Es passiert gerne freitags: Der Betrieb hat sich geleert, alles hastet ins Wochenende, man ist der Letzte im Büro – und dann geht plötzlich nichts mehr, der Fahrstuhl bleibt mit einem Ruck zwischen den Etagen stecken. Die wichtigste Taste wird auf einmal die mit der Glocke. Aber ob sie auch funktioniert? Und wer sitzt eigentlich am anderen Ende? Das schreit förmlich nach einem Selbstversuch in der Stadt.
Erste Anlaufstelle: Das Hamburg-Mannheimer-Haus in der Ahstraße. Erst einmal sicherheitshalber den Hausmeister gesucht. Heinz Zemke kann sich an keinen echten Notfall erinnern. Ob wir mal die Probe aufs Exempel machen könnten? „Ja sicher, machen wir eine Fahrstuhlprüfung”, willigt Zemke ein. Drei Aufzüge besitzt das Haus, zu Sozialgerichten und Schulamt, also hoher Publikumsverkehr. Man sei mit einer Notrufzentrale verbunden. Der Hausmeister drückt, das Signal ertönt. Es passiert – nichts.
„Nanu, hat die keine Lust?”, wundert er sich. Zweiter Versuch, wieder nichts: „Ne, ich glaub, die ist umgefallen.” Wir haben gut scherzen, unsere Tür steht offen. Beim dritten Drücken dann eine Stimme vom Band: „Sie werden weiter geleitet.” Kurz darauf meldet sich eine Dame eines Aufzug-Notdienstes in Herne. Wir geben Entwarnung. Der Hausmeister hat sein Siegerlächeln wieder: „Wusste ich's doch, alles sicher.” Na ja.

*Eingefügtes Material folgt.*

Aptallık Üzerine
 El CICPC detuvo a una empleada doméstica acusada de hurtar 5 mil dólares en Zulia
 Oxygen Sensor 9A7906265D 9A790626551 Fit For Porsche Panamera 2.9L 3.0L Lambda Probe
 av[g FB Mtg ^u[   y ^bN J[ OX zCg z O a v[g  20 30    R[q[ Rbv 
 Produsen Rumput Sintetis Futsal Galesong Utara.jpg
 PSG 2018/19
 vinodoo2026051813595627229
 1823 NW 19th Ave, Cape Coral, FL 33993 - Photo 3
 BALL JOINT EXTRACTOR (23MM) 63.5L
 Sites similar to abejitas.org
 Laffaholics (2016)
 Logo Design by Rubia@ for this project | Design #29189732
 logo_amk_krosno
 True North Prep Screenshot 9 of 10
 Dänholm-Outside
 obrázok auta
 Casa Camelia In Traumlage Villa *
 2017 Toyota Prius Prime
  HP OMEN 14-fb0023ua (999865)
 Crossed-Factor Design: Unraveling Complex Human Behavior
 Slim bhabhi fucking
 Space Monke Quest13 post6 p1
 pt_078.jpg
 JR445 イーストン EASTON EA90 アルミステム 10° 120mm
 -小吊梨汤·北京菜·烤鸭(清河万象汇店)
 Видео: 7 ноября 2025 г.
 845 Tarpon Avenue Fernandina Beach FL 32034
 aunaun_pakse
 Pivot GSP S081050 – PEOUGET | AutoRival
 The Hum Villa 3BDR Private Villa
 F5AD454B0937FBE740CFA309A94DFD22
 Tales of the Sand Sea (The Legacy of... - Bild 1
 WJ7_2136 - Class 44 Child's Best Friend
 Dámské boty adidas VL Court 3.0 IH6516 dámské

Zweimal klingeln ist Vandalismus
Dann geht's weiter zum B + B-Parkhaus gegenüber. Wirklich kein Ort zum Verweilen. Der Aufzug minimalistisch ausgestattet, der Boden aus Beton, die Innentüren dreckverschmiert. Eine Notrufglocke ist sichtbar, aber keine Gegensprechanlage. Wer weiß, wo er ausgelöst wird, dann lieber nicht. Draußen am Aufzug ein Schild: „Bei Störungen: Aufzugwärter benachrichtigen”. Darunter eine Gelsenkirchener Nummer. Nützt mir im Fahrstuhl herzlich wernig.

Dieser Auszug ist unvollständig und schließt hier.